Soon we'll need lawyers to tell us what we can or can't do when we're writing
a simple bash script.

I'm of the opinion that, if everything involved law, there'd be virtually no
progress.

------
jsun
IANAL but I was in a similar situation (didn't end up going through with it)
and did some research.

The technical answer is you are probably in the clear unless some part of the
app's flow or design was "non-obvious", and obviously you can't re-use code.

The real answer is if your old company decides to sue you, you won't be able
to pony up the money for lawyers to fight it. If you get huge before they
figure out and sue you, then at best you have a crazy expensive settlement on
your hands.

Don't do it. ideas are dime a dozen, why not pick one that doesn't have
strings?

------
kjs3
TL;DR - Only a lawyer can really answer that.
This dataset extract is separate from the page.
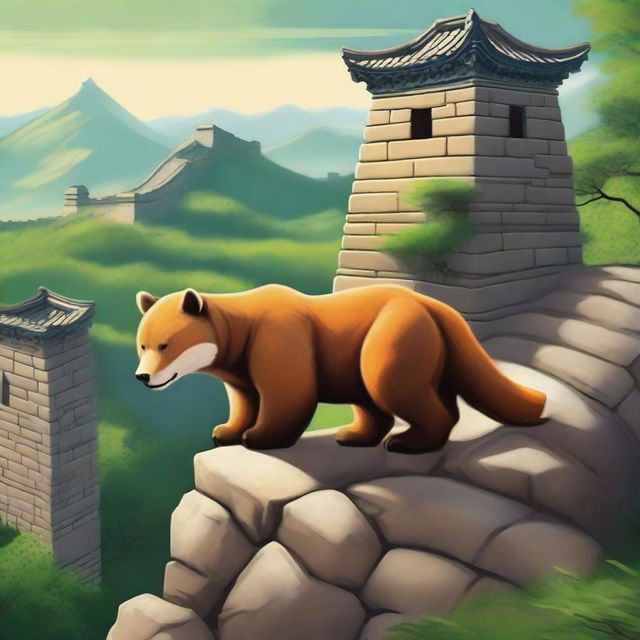 A high-quality, realistic image depicting a bear and a fox climbing the Great Wall of China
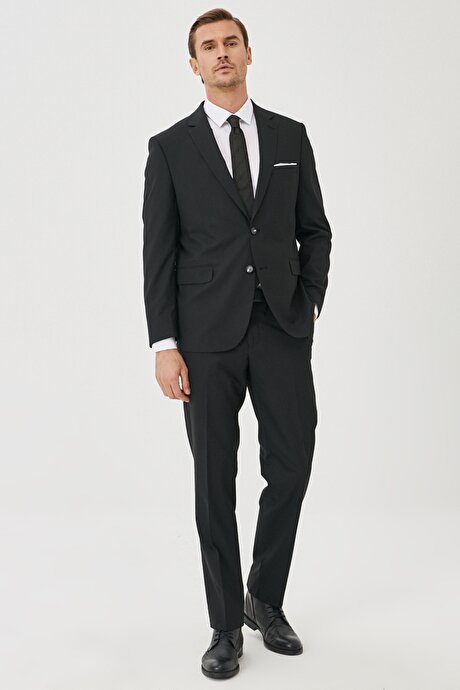 Regular Fit Geniş Kesim Mono Yaka Siyah Takım Elbise resmi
That said, it really depends on what's in your employment contract, either
explicitly or implied. Definitely start completely from scratch (use none of
the code or even notes you wrote while an employee), but the other IP around
this is where it gets tricky. Every jurisdiction has it's own subtleties.

It's also important to note that in many places (you didn't say where you are)
you could be sued even if they don't really have a case, forcing you to spend
the time and money to defend yourself.

------
NameNickHN
Depends for what your clients pay you for. My clients pay me for my time, not
the code. I have used code written in my own time for client projects and I
have used code written for a client for another client's project.

I also do some custom work for customers of our saas and I always tell them
that the code I write for them is non-exclusive which means I get to re-use
the code and resell it. I estimate nearly 80% of the app has been created that
way including almost all the add-ons.

------
Jugurtha
Most stuff is based on previous work, whether paid or unpaid. Denying that is
claiming you can build a wall without laying a brick upon the other, and
asking people to mimick a red fish.

It's impossible to do, because it's impossible not to use a solution you know
of to the problem at hand. Not to mention it's stupid.

There's a reason for the expression "Not reinventing the wheel" to exist. I
mean, what's experience if not building something based on previous work ?